What Guyanese need is a “Guyanese nationalist” – someone who places the nation’s interest above party, racial, and religious interests.

Thirdly, Dr Hinds tries assiduously to portray the WPA as some sort of entity that was “post-racial.” In fact, Rodney and WPA’s success was the pure distillate of the toxic Guyanese racial mix. Indians and other ethnic groups did not gravitate to Rodney and the WPA based on an economic platform.

Rather, the question facing the disaffected PNC base: Who was the more acceptable alternative to Burnham? Rodney or Jagan? Based on Hinds’ “ethno-racial” paradigm, Rodney was the more racially palatable candidate for the disaffected PNC base.
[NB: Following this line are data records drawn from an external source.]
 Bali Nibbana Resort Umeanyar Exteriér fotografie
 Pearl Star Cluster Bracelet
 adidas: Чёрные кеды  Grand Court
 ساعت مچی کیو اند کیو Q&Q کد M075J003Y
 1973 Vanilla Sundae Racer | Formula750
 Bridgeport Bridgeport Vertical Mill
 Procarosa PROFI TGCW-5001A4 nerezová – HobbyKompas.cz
The urban PPP supporters were disappointed by Jagan and the PPP’s inability to advocate for their interest.

In an expression of hopelessness – “anybody but Burnham” they cast their lot with Rodney because they believed that the army and political leadership would not permit Jagan/PPP to govern.
Rodney’s death and the emergence of Rupert Roopnaraine was an anathema to the “disaffected PNC” support of the WPA. Hence, they returned to the folds of the PNC. Analogously, the “disappointed PPP” supporters viewed Roopnaraine as weak and ineffectual and they returned to the PPP.
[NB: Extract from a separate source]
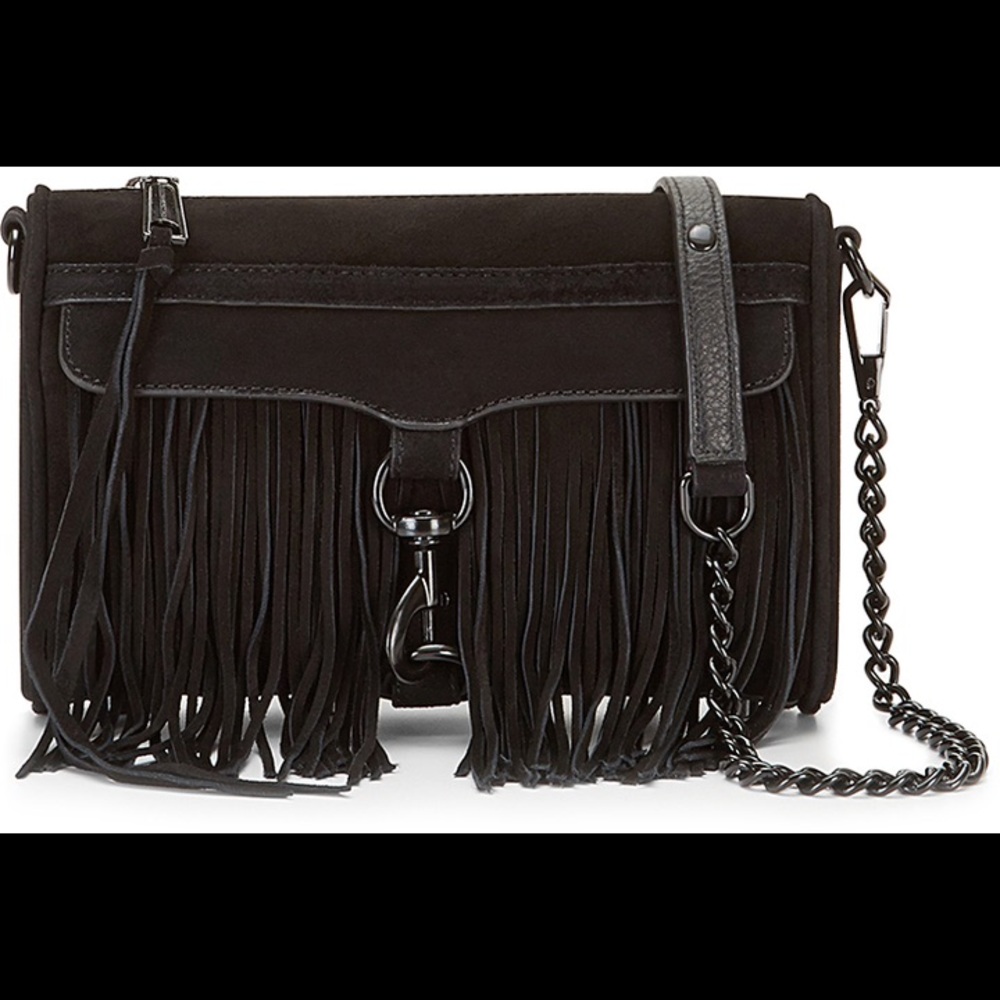 Rebecca Minkoff crossbody purse!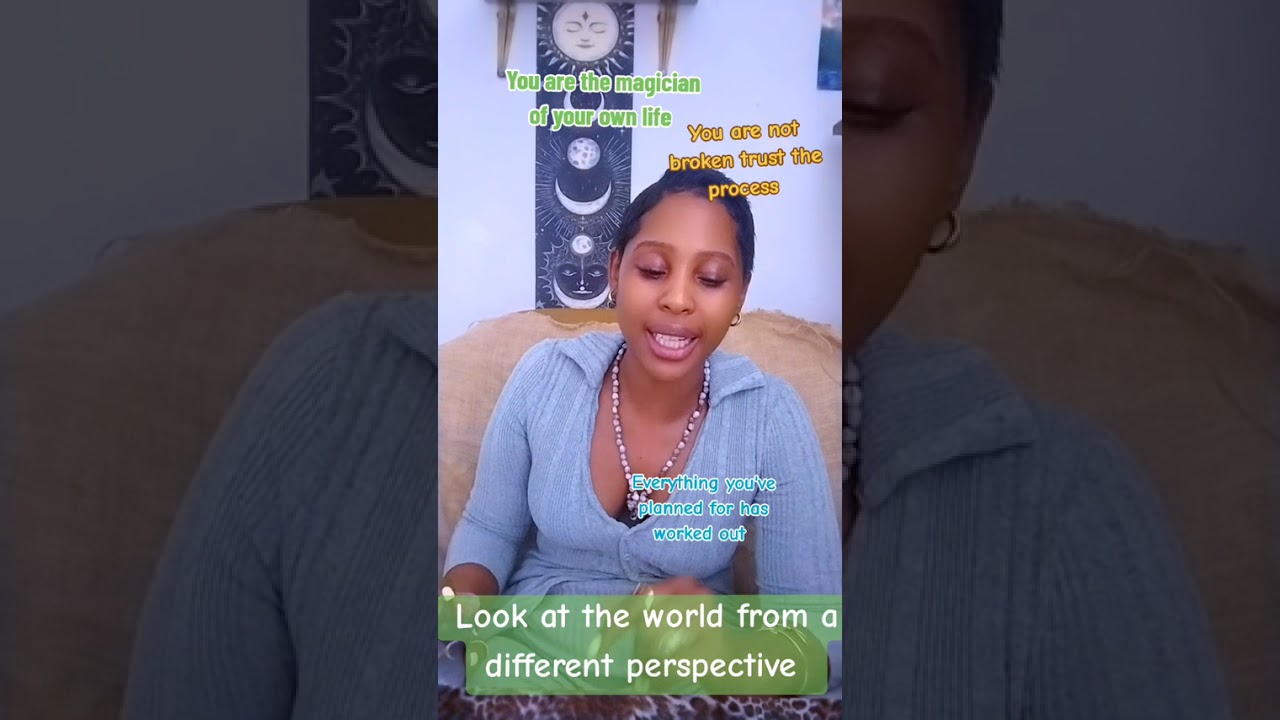 YOU ARE NOT BROKEN TRUST THE PROCESS🧿💜🕯️ #tarotreading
Fourthly, Dr Hinds humorously reminds me of Donald Trump who sees Obama as the bogeyman for everything wrong. Similarly, Hinds has the same affliction – Jagdeo is the bogeyman. Hinds asserts, “many Indians [give] thanks to Jagdeo and the Phantom groups.” Hinds has no idea of the many Indians he professes to make intelligible to the reading public. Many credit Roger Khan with countering the “criminals, freedom fighters and hustlers”.

These are my observations to some of the issues raised in Dr Hinds’ desultory and disjointed attempt at political analysis.